The Veil War

"and then I was like, 'Holy crap, goblins!'"

Part Eight, the Ocho

It’s Veil War Thursday. And that means that today you get another chapter. Your teaser:

“What are they doing firing a half mile out?”

Lewis dropped the glasses. He watched the gray cloud of arrows climb skyward. It looks like they’ve got the distance…. And there goes another volley.

Evans was incredulous. “How the hell could anyone draw a bow that could shoot an arrow that goddamn far?”

Five flights of arrows were in the air when the first round hit. Those five hundred arrows hit the goblins like the wrath of god. “Holy mother of fuck!” Evans shouted.

“I don’t believe it. Every single one of those arrows hit.” Pethoukis said softly, stunned.

FYI: there will be no chapter next Thursday as I will be conducting a Christmas safari through the untamed wilds of northern and central Ohio before heading back to Virginia. Next year, we will resume our normal weekly schedule.

In recompense for not giving you your accustomed Veil War carnage, I will send a special bonus story to everyone who has signed up as an email follower or befriended the Veil War’s Facebook page. You may justly consider this as both a reward for being an early adopter, and an encouragement to become an early adopter.

The Really Big Idea

I’ve long been an admirer and follower of the Big Idea series at John Scalzi’s Whatever. I have bought more books based on a reading of a Big Idea post than from any other source. The only thing that even comes close is Cory Doctorow’s reviews at Boing Boing.

Hearing straight from the author why they wrote their book, and what issues they wrestled and pinned to the ground to get it done is a far better introduction than, well, just about anything short of actually reading the book. What it comes down to is that getting an insight into the mind of the author is far better than getting a look inside the mind of the marketing drone writing the back cover blurb.

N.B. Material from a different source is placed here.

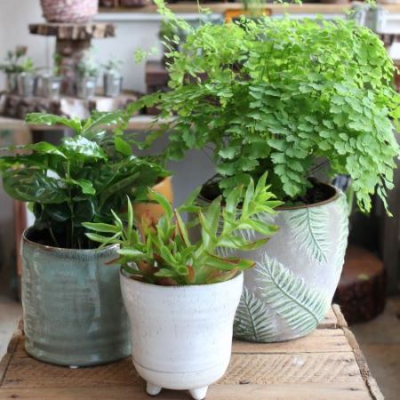 Houseplant Selection - The perfect gift for any plant lover, we will carefully choose a selection of beautiful houseplants.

The only downside to the Big Idea is that the Scalzi, in his wisdom, has limited participation: “The feature is open to all authors regardless of genre, fiction and non-fiction alike. …so long as their works are distributed to major bookstores on a returnable basis and are available on the following three American online book stores: Amazon, Barnes and Noble, and Powell’s.”

Well, that sucks.

I see what he’s doing, and why – and were I in his place I could imagine having similar restrictions. It’s a good filter.

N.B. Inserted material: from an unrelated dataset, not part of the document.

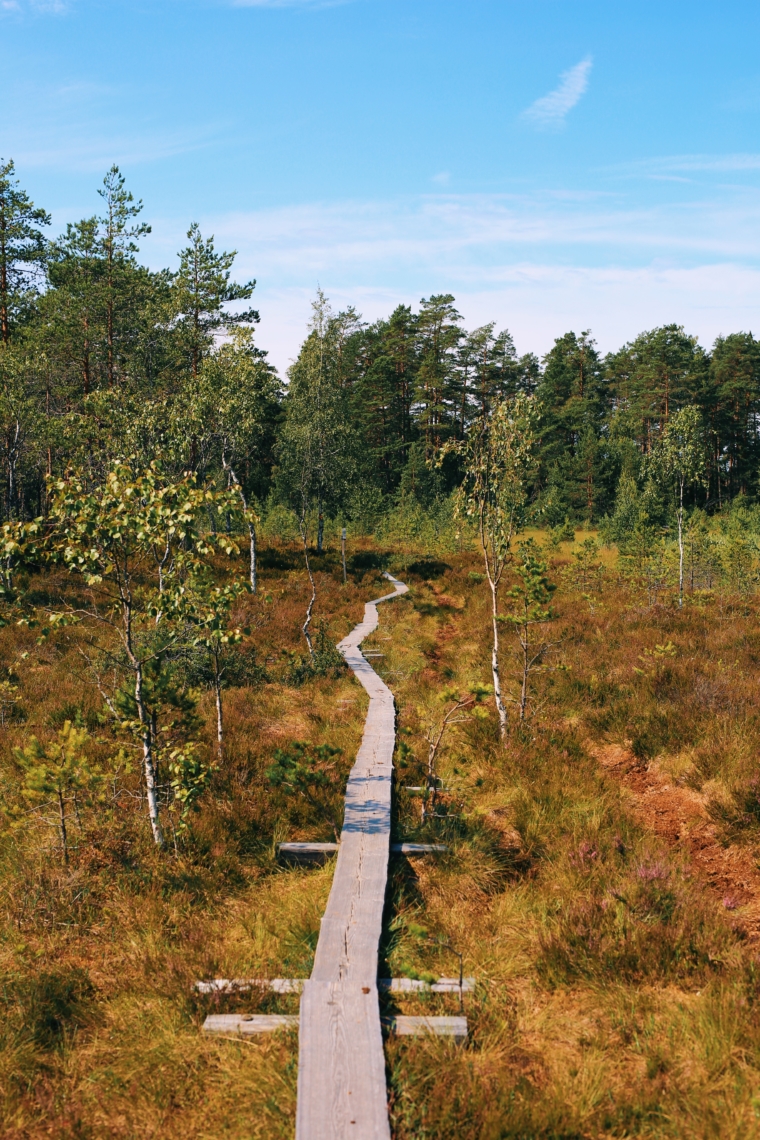 mathildedal finnland forest walk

Since I’ve become an independent author – all of a month and a half, now – I’ve been amazed at the help and advice I’ve gotten in the really short amount of time that I’ve been out here. Even among the independent publishing crowd, my method is a little outre – I’m serializing The Great American Goblin Invasion Novel, for free. A friend characterized my business plan in a way that you might find familiar:

  1. Get readers
  2. ???
  3. Profit!

Given that the Veil War has only been up for a few weeks, it is perhaps too early to judge the soundness of my plan. However, the fact that I do not, at this time, have a salable product – even an electronic one – has made me doubly ineligible for Scalzi’s estimable series. And, experiencing first hand the frustration of not meeting Scalzi’s qualifications for inclusion in his Big Idea series, it occurred to me that if I can’t do his Big Idea, maybe I can roll my own.

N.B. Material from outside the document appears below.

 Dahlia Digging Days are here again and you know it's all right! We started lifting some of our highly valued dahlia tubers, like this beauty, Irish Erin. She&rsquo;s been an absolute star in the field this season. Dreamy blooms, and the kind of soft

If imitation is the sincerest form of flattery, then this is some pretty awesome flattery. Here, then, is a nearly exact duplicate of John Scalzi’s Big Idea, with the sole difference being that the authors we are focusing on are the independent authors – ones who are not producing physical books being placed in the few remaining bookstores. Smaller presses, pure kindle sales, smashwords – the fringe of the publishing world.

It is my feeling that that the publishing industry is in the throes of great changes. Five years ago, a budding author’s course was obvious – get a finished manuscript into the hands of an agent and get a book printed and distributed. Five years from now, the new author’s couse will be equally obvious – and completely different. What that will end up being is being decided and created right now.

So here’s a big idea for the future – and we start with Ian Thomas Healy.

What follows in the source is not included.